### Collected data
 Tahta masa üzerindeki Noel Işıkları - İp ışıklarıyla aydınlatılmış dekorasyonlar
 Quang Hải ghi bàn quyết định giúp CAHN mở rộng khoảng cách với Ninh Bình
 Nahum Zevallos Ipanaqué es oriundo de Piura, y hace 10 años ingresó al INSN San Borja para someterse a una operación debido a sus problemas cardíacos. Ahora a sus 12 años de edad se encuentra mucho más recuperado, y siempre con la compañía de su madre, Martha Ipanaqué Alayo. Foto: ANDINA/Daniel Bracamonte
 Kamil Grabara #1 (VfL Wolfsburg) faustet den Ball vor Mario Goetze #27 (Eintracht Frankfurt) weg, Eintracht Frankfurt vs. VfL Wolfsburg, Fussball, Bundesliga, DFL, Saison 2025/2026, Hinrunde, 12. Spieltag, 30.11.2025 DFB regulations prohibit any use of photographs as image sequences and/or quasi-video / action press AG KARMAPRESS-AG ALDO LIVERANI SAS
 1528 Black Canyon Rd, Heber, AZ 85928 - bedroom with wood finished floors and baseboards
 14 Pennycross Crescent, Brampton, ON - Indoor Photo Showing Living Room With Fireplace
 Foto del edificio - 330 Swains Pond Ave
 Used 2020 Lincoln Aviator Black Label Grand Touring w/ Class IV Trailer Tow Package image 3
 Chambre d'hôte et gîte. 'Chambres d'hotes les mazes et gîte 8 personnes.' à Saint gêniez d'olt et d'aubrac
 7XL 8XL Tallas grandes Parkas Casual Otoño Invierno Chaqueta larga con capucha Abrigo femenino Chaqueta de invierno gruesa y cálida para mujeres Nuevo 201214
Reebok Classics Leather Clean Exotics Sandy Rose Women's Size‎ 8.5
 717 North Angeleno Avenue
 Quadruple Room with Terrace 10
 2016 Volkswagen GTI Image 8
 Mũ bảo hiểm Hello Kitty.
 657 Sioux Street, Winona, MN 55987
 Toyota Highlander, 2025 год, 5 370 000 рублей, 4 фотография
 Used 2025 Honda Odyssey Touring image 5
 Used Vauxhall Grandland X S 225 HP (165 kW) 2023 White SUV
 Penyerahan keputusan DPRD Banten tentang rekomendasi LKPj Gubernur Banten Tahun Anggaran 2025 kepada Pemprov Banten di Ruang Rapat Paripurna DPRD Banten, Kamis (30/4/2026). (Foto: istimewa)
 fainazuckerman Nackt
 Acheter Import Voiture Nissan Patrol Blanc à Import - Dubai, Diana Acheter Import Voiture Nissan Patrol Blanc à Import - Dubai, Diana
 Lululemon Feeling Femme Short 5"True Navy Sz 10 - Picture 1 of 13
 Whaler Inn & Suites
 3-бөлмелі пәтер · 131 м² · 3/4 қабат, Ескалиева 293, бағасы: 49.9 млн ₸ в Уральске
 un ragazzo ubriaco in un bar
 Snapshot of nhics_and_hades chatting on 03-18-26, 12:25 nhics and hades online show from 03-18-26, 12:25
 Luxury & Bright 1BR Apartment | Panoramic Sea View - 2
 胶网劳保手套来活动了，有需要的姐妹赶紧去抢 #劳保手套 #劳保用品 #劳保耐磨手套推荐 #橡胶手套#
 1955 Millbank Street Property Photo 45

### Exercise description
Show every line of the data in which the word "Street" appears.

### Answer section
 657 Sioux Street, Winona, MN 55987
 1955 Millbank Street Property Photo 45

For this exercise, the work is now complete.